Distribution of mitochondria and the ER in larval Drosophila MN terminals. A, Confocal microscopy images of type Ib and Is terminals on muscle 6 immunolabeled for mito-GFP (green) and CSP of synaptic vesicles (SVs; magenta). Mito-GFP was expressed in MNs with the OK6-Gal4 driver. B, Confocal images of terminals immunolabeled for mito-GFP (green) and Brp (stained with antibody nc82) that is found in active zones (AZs; magenta). C, Confocal image of the ER in type Ib and Is terminals labeled by OK6-Gal4-driven expression of ER-GFP (Lyso-GFP-KDEL; green). The MN was visualized by filling the cytosol with Texas Red dextran (magenta). Note that the ER-GFP fluorescence suggests a continuous ER system throughout all boutons. Scale bars (A–C), 5 μm. D–F, Electron micrographs showing cross-sections of type Is and Ib boutons in overview (D) and in higher magnification (E, F). Mitochondria are mostly found at the interface between a central synaptic vesicle-free and a peripheral synaptic vesicle-rich region of Is and Ib boutons. Active zones with or without T-bars are indicated. Scale bars (D, E, F), 2, 2, and 1 μm, respectively.

Figure 2.

GECIs targeted to mitochondria report mitochondrial Ca²⁺ uptake in response to nerve stimulation.
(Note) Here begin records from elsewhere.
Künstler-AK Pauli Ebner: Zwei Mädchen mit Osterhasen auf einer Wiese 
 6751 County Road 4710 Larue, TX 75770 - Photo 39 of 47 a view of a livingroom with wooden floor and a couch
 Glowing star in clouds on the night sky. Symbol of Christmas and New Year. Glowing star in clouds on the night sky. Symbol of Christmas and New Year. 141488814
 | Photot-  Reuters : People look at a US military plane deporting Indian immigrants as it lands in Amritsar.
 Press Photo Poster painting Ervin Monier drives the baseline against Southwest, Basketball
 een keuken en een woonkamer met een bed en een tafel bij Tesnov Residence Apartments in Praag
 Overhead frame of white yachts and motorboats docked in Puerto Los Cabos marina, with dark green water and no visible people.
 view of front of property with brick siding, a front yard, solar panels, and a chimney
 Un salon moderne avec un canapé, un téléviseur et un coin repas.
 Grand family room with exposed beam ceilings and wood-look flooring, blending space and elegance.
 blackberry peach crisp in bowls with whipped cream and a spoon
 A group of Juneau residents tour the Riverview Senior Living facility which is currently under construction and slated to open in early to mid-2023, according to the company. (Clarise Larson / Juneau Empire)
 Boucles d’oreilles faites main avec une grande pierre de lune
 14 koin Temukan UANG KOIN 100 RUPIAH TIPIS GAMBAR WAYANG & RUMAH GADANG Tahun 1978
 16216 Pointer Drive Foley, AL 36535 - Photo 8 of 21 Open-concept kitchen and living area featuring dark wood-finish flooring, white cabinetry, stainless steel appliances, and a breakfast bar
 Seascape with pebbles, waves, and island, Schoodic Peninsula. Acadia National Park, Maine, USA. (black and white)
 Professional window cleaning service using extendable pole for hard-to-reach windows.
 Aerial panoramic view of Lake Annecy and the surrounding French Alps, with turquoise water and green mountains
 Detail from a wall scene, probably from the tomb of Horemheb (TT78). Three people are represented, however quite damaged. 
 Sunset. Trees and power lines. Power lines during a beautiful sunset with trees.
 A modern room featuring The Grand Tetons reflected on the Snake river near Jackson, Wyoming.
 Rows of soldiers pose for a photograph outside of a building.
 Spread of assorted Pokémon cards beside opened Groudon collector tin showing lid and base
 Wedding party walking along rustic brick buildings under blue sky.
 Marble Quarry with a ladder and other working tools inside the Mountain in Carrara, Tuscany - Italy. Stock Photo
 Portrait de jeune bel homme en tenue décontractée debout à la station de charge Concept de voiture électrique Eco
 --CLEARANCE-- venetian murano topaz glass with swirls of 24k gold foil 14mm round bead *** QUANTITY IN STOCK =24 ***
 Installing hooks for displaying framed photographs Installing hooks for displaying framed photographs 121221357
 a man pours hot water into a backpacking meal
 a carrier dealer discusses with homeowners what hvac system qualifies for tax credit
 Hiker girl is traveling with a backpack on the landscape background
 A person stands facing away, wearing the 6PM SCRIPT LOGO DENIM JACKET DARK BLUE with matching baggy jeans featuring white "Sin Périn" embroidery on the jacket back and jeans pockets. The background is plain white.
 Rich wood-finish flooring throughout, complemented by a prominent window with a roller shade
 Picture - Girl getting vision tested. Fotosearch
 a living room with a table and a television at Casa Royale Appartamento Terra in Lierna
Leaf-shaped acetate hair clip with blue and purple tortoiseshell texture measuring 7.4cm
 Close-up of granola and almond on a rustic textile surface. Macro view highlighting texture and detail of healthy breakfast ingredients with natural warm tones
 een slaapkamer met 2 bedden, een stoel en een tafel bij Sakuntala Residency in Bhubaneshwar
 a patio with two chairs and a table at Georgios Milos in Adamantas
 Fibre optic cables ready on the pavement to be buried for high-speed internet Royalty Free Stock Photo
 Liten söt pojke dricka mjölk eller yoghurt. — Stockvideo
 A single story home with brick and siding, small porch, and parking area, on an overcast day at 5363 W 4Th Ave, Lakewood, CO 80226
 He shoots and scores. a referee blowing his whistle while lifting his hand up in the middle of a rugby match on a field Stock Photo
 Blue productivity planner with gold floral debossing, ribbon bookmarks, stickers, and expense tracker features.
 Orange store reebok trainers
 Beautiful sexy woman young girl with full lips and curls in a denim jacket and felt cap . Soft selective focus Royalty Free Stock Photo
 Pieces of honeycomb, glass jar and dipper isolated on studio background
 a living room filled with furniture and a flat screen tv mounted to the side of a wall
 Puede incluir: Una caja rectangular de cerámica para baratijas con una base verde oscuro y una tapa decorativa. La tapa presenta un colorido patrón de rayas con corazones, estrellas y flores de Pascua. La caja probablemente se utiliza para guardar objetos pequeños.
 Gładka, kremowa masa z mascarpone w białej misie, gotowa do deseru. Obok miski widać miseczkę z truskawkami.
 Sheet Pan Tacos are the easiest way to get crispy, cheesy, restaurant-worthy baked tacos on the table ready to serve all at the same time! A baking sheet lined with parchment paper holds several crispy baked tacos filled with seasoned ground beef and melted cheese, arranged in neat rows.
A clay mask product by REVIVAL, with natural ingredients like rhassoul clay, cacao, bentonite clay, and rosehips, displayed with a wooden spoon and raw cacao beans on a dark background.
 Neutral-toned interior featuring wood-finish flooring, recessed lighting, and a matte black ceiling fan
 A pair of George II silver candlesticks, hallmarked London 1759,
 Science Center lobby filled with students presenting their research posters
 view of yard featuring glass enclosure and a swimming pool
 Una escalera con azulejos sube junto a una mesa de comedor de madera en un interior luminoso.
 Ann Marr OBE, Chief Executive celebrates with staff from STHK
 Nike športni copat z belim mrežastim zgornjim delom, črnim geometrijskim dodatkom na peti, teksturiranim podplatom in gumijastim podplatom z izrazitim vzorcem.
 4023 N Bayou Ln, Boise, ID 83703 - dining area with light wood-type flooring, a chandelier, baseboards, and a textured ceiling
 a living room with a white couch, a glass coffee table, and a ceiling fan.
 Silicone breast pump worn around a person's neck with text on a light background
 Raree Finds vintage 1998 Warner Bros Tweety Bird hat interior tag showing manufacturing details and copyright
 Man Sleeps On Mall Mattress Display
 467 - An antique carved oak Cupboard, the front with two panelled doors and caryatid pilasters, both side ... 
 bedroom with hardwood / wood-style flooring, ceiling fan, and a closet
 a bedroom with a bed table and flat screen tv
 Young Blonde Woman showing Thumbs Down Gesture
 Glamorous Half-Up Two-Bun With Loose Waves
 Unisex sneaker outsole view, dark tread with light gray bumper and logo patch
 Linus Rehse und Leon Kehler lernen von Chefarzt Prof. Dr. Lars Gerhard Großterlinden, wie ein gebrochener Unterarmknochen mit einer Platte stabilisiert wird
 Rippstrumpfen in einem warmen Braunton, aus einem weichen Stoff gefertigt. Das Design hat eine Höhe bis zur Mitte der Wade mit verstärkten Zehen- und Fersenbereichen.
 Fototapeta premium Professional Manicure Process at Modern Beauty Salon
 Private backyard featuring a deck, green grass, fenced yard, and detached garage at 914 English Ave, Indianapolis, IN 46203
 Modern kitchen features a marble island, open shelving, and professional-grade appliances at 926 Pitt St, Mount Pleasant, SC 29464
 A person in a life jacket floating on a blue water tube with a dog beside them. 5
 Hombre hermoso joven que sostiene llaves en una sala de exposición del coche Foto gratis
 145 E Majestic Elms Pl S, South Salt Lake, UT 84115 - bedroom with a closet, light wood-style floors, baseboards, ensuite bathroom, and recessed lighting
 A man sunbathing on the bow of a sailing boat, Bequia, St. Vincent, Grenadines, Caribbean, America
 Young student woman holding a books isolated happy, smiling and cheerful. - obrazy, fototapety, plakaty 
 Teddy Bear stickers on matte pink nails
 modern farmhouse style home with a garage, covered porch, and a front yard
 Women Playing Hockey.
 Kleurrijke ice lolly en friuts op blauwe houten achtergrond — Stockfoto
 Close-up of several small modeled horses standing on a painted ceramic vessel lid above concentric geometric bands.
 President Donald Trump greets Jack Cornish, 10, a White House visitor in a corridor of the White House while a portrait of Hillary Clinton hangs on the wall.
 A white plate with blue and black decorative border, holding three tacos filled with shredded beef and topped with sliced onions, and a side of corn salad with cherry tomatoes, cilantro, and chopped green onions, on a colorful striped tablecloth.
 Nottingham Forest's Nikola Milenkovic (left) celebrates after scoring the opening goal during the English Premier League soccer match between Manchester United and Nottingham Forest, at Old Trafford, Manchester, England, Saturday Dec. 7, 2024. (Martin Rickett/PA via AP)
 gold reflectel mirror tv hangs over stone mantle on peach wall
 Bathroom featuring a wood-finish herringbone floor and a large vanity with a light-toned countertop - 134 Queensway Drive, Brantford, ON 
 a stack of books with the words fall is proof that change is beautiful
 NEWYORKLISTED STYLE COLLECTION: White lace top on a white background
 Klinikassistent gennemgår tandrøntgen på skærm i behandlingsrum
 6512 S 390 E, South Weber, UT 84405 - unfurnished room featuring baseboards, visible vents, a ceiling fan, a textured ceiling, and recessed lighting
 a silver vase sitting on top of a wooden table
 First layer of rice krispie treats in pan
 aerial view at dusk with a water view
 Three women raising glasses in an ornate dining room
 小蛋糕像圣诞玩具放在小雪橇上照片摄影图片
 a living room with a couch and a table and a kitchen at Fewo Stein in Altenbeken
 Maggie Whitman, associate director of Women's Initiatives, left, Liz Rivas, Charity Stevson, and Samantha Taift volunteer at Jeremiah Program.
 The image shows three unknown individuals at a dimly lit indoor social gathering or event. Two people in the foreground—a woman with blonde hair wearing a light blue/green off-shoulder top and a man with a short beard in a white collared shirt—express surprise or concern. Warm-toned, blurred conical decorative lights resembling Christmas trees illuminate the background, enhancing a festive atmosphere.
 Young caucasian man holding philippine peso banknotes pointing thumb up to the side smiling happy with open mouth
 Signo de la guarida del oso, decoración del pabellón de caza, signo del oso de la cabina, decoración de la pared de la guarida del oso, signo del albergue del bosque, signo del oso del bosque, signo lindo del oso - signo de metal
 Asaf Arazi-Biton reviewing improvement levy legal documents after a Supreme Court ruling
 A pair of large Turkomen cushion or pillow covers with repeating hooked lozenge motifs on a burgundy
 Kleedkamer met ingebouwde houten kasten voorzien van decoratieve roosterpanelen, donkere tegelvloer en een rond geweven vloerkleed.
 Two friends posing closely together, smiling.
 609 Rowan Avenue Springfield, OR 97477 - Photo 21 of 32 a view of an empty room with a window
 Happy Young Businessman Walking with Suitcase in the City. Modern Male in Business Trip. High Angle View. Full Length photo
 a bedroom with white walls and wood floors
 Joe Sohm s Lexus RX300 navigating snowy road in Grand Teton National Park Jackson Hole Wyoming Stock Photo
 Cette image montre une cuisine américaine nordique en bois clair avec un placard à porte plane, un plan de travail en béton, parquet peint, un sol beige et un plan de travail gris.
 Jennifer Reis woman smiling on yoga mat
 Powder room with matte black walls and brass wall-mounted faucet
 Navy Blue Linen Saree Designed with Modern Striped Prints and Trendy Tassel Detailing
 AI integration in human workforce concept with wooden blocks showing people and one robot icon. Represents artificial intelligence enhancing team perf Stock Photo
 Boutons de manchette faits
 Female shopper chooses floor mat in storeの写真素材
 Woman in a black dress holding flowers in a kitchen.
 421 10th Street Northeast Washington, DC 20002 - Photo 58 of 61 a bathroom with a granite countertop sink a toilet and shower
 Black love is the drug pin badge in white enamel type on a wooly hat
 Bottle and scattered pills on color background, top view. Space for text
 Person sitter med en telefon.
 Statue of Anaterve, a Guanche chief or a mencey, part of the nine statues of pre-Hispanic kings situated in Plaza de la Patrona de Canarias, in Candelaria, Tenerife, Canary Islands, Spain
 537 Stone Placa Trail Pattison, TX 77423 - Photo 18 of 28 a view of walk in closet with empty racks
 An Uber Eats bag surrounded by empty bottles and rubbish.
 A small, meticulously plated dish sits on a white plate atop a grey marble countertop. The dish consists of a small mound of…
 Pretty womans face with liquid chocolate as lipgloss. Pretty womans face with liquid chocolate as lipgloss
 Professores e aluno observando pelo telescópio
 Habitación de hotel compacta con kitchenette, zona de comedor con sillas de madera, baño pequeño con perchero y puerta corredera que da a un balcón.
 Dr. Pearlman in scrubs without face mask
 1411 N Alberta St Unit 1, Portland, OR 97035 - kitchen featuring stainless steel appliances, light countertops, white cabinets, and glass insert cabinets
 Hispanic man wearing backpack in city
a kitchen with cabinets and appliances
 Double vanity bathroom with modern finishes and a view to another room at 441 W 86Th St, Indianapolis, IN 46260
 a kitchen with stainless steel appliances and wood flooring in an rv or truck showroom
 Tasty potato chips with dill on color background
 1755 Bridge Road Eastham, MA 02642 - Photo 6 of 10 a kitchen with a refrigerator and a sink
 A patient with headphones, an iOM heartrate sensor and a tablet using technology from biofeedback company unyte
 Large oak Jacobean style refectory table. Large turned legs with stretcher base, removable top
A, Fluorescence images (wide-field microscopy) showing OK6-driven expression of ratiometric mito-RP, mito-CG2, mito-YC2, and mito-GFP in type Is and Ib MN terminals on muscle 13 (top row) that were filled with cytosolic DsRed (second row). The inset below shows the basic design of each GECI. B, Fluorescence images of mito-RP, mito-CG2, mito-YC2, and mito-GFP in terminals (two top rows) filled with AF647-dextran and rhod-dextran (bottom row). Mito-RP fluorescence (520 nm emission) was excited alternately at 420 and 470 nm, mito-YC2 fluorescence (485 and 535 nm emission) was excited at 440 nm, and CG2 fluorescence (520 nm emission) and mito-GFP fluorescence (520 nm emission) was excited at 470 nm. C, D, Changes in fluorescence (boxed regions in B) in response to nerve stimulation (80 Hz, 2 s) in the absence (C) and presence (D) of the protonophore CCCP. Changes in the fluorescence of mito-RP, mito-CG2, and mito-YC2 were only observed in the absence of 3 μm CCCP, and showed little delay relative to changes in fluorescence of the cytosolic Ca²⁺ indicator rhod-dextran. The maximum fluorescence responses of rhod-dextran and the GECIs were normalized to a value of 1 (C), and the same scaling factors were used after application of CCCP (D). As expected, mito-GFP showed no response to nerve stimulation.

Figure 3.

GECIs reveal differences in mitochondrial Ca²⁺ uptake between terminals of MN13-Ib and MNSNb/d-Is. A, Images of mito-RP fluorescence before and after successive nerve stimulus trials (left to right: stimulation frequency indicated between frames) from type Ib and Is terminals on muscle 13. Mito-RP fluorescence was collected through a 520/35 nm filter during sequential 420 nm (top panel) and 490 nm (bottom panel) excitation. B, Plot of nerve stimulation-induced changes in mito-RP fluorescence (from A). The 490ex/520em mito-RP fluorescence increased while 420ex/520em fluorescence decreased in response to 10, 20, 40, 60, and 160 Hz stimulus trains (2 s each). In contrast to 420ex/520em fluorescence, 490ex/520em fluorescence decreased when stimulation ceased, and the transient is likely due to changes in superoxide anion concentration (see Results). Images were captured at 2 frames per second for each excitation wavelength. C, Left panel: Plot of the mito-RP emission intensity ratios (420/490 nm excitation) for the terminals shown above (A, B). Right panel: Plot of the reciprocal mito-RP emission intensity ratio normalized to a value of 0 before the first train (t = 3 s) and a maximum response of 1 after the last train (t = 38 s), i.e., inverted relative to the left panel. D, Average mito-RP ratio responses plotted against the frequency of stimulation for type Ib and Is terminals on muscle 13 (n = 11). Sigmoidal curve fits were made using the Hill equation (SigmaPlot 10, Systat Software Inc.), which was used to estimate half-maximal values shown. Asterisks indicate highly significant differences (p < 0.001) between type Ib and Is responses in pairwise comparisons (two-way ANOVA, p < 0.05 overall, Tukey post hoc test). Error bars indicate SEM.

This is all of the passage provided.